Such are the different provisions of the law of England for the putting down of tumultuary meetings; and it is not too much to affirm that, if the means provided by the law are promptly and judiciously enforced by the magistrate and honestly seconded by the co-operation of his fellow subjects, very few and rare would be the instances in which tumultuous assemblages of the people would be able to hold defiance to the laws.

Carrington and Payne, Reports, V, 556 note.

(B) Stockdale v. Hansard (1839)[3]

Lord Denman, C. J.: This was an action for a publication defaming the plaintiff's character by imputing that he had published an obscene libel. The plea was that the inspectors of prisons made a report to the secretary of state, in which improper books were said to be permitted in the prison of Newgate; that the court of aldermen wrote an answer to that part of the report and the inspectors replied, repeating the statements and adding that the improper books were published by the plaintiff; that all these documents were printed by and under orders from the house of commons....

The plea, it is contended, establishes a good defence to the action on various grounds. (1) The grievance complained of appears to be an act done by order of the house of commons, a court superior to any court of law, and none of whose proceedings are to be questioned in any way.... It is a claim for an arbitrary power to authorize the commission of any act whatever on behalf of a body which in the same argument is admitted not to be the supreme power in the state. The supremacy of parliament, the foundation on which the claim is made to rest, appears to me completely to overturn it; because the house of commons is not the parliament, but only a coordinate and component part of the parliament. That sovereign power can make and unmake the laws, but the concurrence of the three legislative estates is necessary; the resolution of any one of them cannot alter the law or place any one beyond its control. The proposition is therefore wholly untenable and abhorrent to the first principles of the constitution of England.

(2) The next defence involved in this plea is that the defendant committed the grievance by order of the house of commons in a case of privilege, and that each house of parliament is the sole judge of its own privileges. This last proposition requires to be first considered. For, if the attorney general was right in contending — as he did more than once in express terms — that the house of commons, by claiming anything as its privilege, thereby makes it a matter of privilege, and also that its own decision upon its own claim is binding and conclusive, then plainly this court cannot proceed in any inquiry into the matter, and has nothing else to do but declare the claim well founded because it has been made.

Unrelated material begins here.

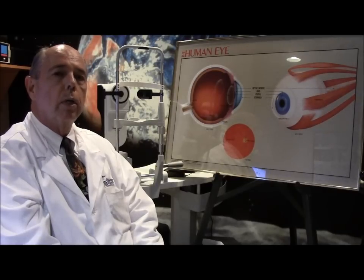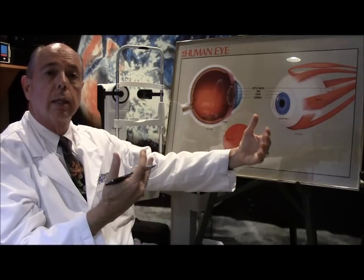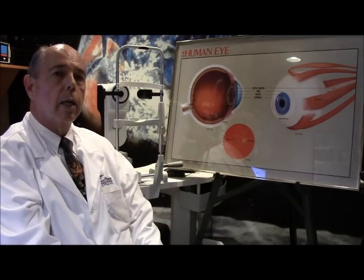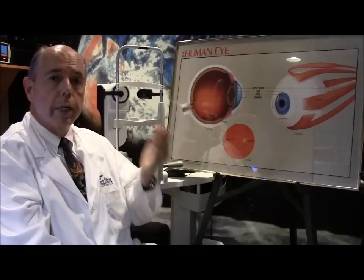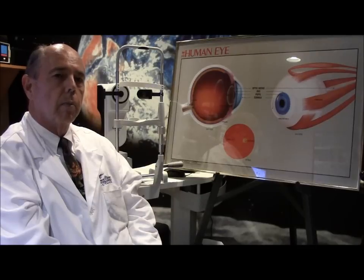A lot of times people want to do monovision — that is, one eye set for distance and one eye for close with their implants, just like they wear contact lenses that way. So we measure which is their dominant eye, because we typically set the non-dominant eye for near and the dominant eye for distance. That's a test we commonly perform.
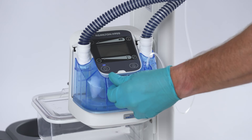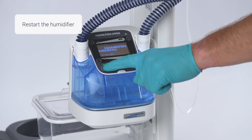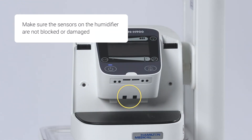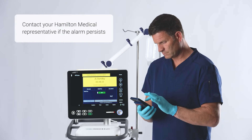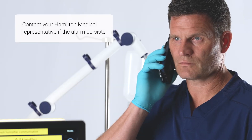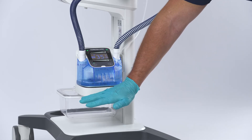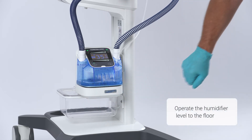After you have taken corrective action, restart the humidifier and see if the alarm has stopped. If not, make sure the sensors on the humidifier are not blocked or damaged. If the Hamilton H900 alarms again, please contact your Hamilton medical representative. Sometimes the position on the humidifier is incorrect — make sure you always operate the humidifier in a horizontal position.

This is the form in which I understand the committee of a late house of commons to have asserted the privileges of both houses of parliament; and we are informed that a large majority of that house adopted the assertion. It is not without the utmost respect and deference that I proceed to examine what has been promulgated by such high authority; most willingly would I decline to enter upon an inquiry which may lead to my differing from that great and powerful assembly. But, when one of my fellow subjects presents himself before me in this court, demanding justice for an injury, it is not at all at my option to grant or withhold redress; I am bound to afford it if the law declares him entitled to it. I must then ascertain how the law stands, and, whatever defence may be made for the wrongdoer, I must examine its validity. The learned counsel for the defendant contends for his legal right to be protected against all consequences of acting under an order issued by the house of commons in conformity with what that house asserts to be its privilege; nor can I avoid, then, the question whether the defendant possesses that legal right or not....[4]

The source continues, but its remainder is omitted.